# Open-Bottom Aquarium



## isiluv (Apr 3, 2007)

I'm considering building an open-bottom fishtank. Does anybody know how to do this?
Please help!


----------



## Number6 (Mar 13, 2003)

these are not that difficult. You will need a few things well planned out though. 
E.g. what will you use to pull any trapped air from within the tank out of there?

Do you own the rimless and frameless tanks or equivalent or do you have to go buy them?

I've been looking at the mr aqua cubes thinking these would work very well if I build a glass tray...


----------



## isiluv (Apr 3, 2007)

I was thinking of building a shallow tray, say 6'long x 2'wide x 1'deep. Then after that I'm not sure what to do!

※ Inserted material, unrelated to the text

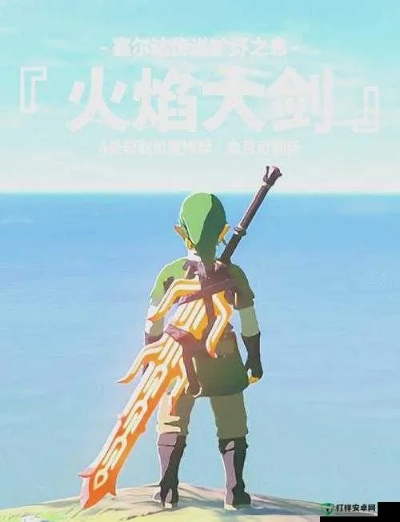 《塞尔达传说》大师剑永久耐久攻略：必得无限耐久秘法！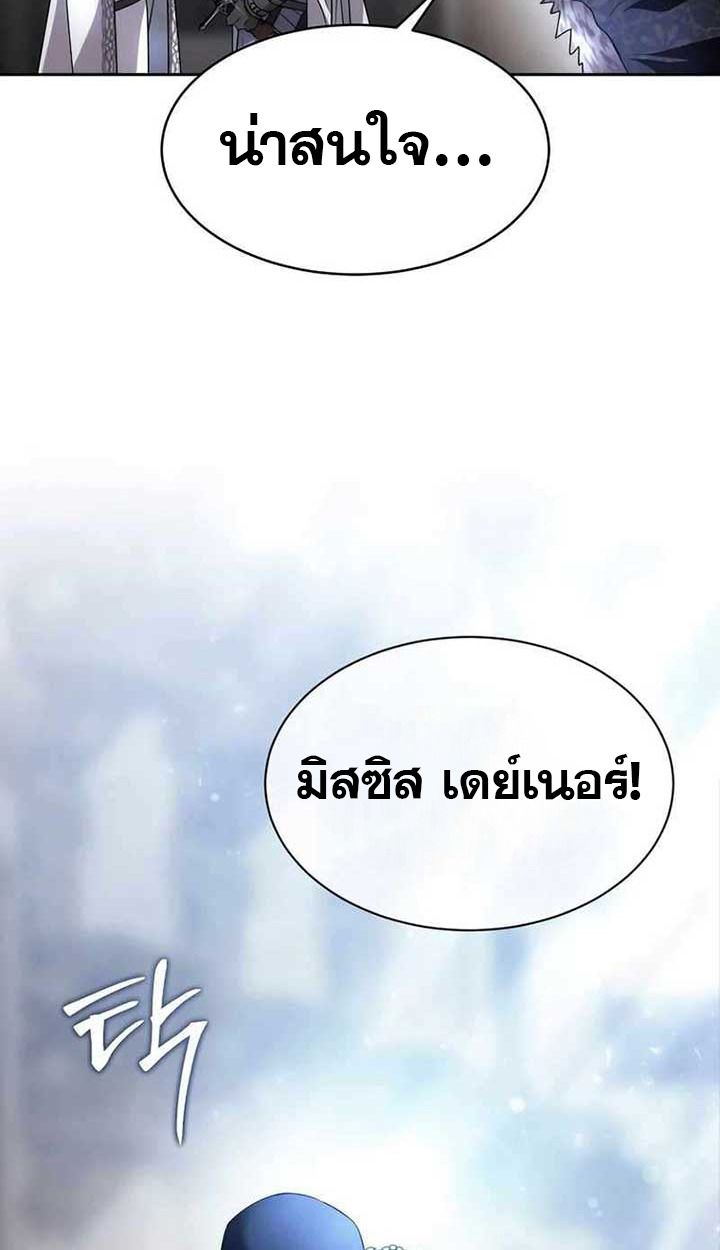 Black Haze ตอนที่ 10 38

About trapped air in the upright part of the tank...
I don't have a pump capable of removing air, just wondering if I could manually SUCK out trapped air in the upright with a pipe, say once a week?!

I was hoping someone would have plans, or point me to a site that has step-by-step instructions for building an open-bottomed tank...


----------



## Number6 (Mar 13, 2003)

*isiluv*
you'll want the tray deeper than 1". 1" just isn't enough of a gap to work up in the suspended water inside the tank without risking a problem.

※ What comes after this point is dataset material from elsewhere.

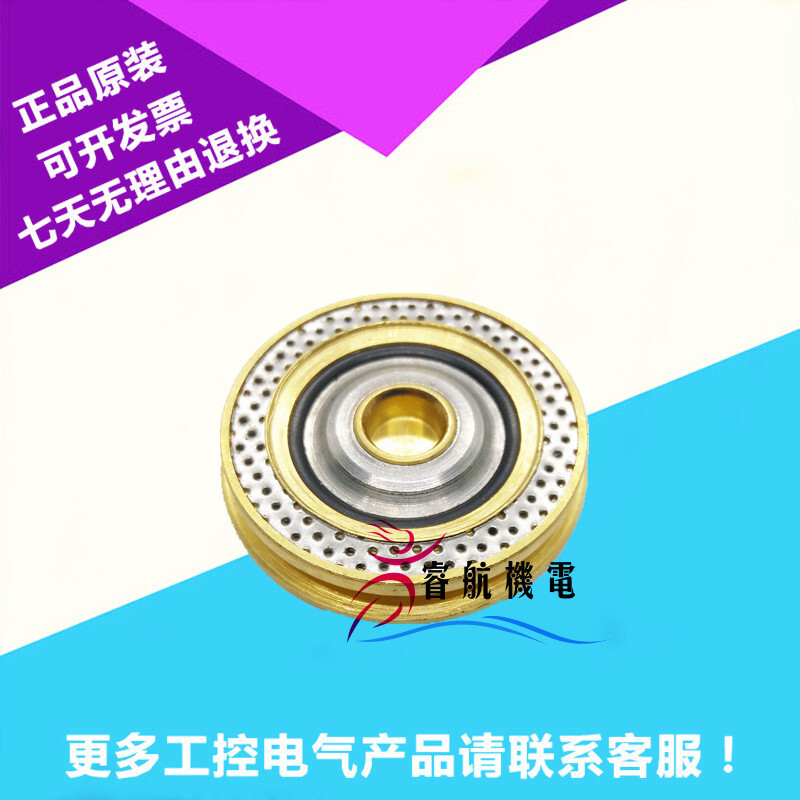 ที่ต้องการ❤ Elegant Parker สไตล์ขวด Blower Solenoid วาล์วทองแดงชิป 321H35 322H35 322H36 321H36 322H7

All the plans on the net will focus around the 2 main issues with these trick tanks... eliminating air that gets stuck in the tank and 2, circulation of the water from within the suspended tank.

The initial design is so simple it hurts... take any try or bucket of water, get some flexible airline tubing and a drinking glass or similar strong glass container. Put glass suspended on a string so that it sits in the water in the tray or bucket and with the airline tube, suck the air out of the glass. The water lifts up into the glass!

Now plan that same setup but larger.

Personally, I would never attempt such a tank as this without planning for the automatic removal of trapped air. Murphy's law says that some filter will start spewing bubbles on day when you are busy or not there!


----------



## isiluv (Apr 3, 2007)

*Number6*
Thanks for your input, I'm going to wait until I find out more before I begin this project...


----------



## GeriJo (May 13, 2010)

You can suck the air out by using a wet dry shop vac that has had the filter removed.


----------